Task instructions:
Your answer must be the exact lines below, starting with the line with "Podsumowanie zlotów samochodów i motocykli" and going on through the line with "Maison dans les", both included, with no pictures.

Data to process:
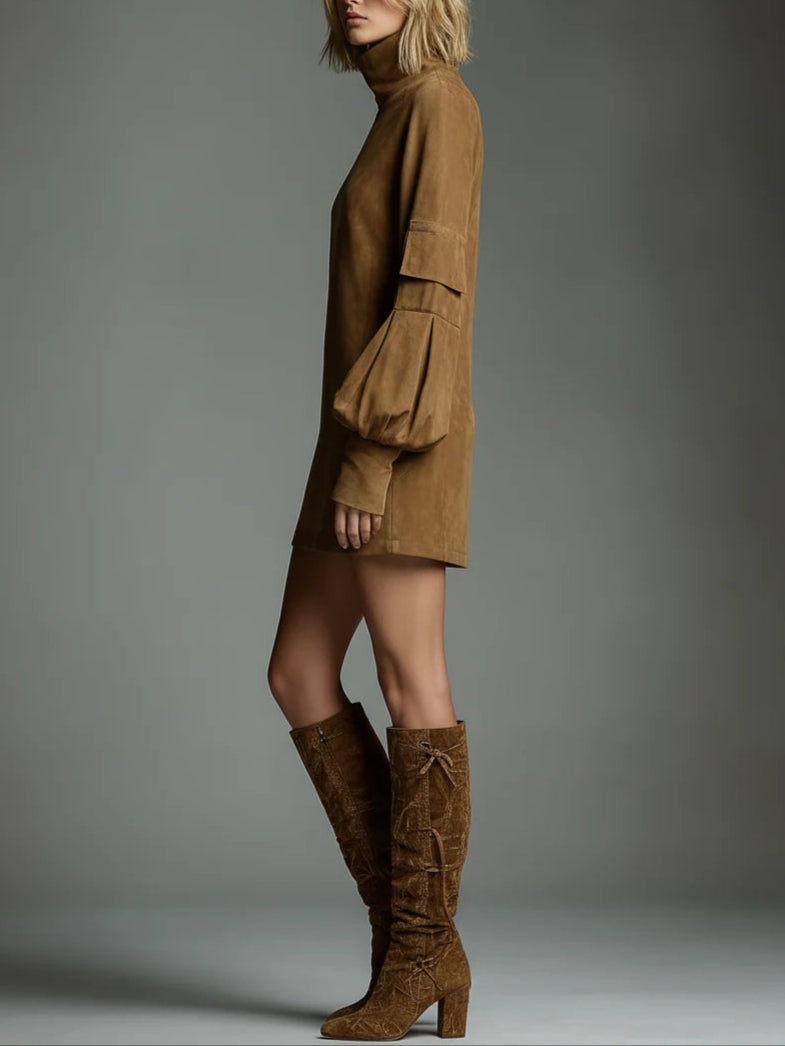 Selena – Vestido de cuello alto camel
--
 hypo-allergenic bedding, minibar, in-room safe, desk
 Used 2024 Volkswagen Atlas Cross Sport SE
---
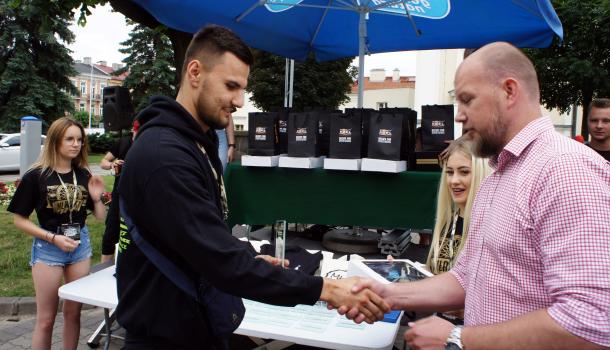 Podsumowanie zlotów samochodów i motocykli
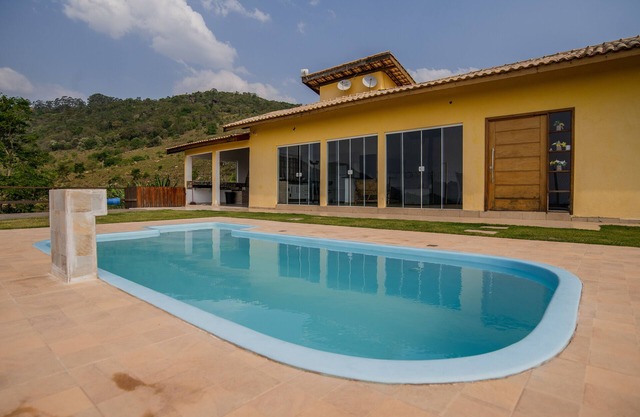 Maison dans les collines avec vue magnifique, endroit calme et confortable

Result of the task:
 Podsumowanie zlotów samochodów i motocykli
 Maison dans les collines avec vue magnifique, endroit calme et confortable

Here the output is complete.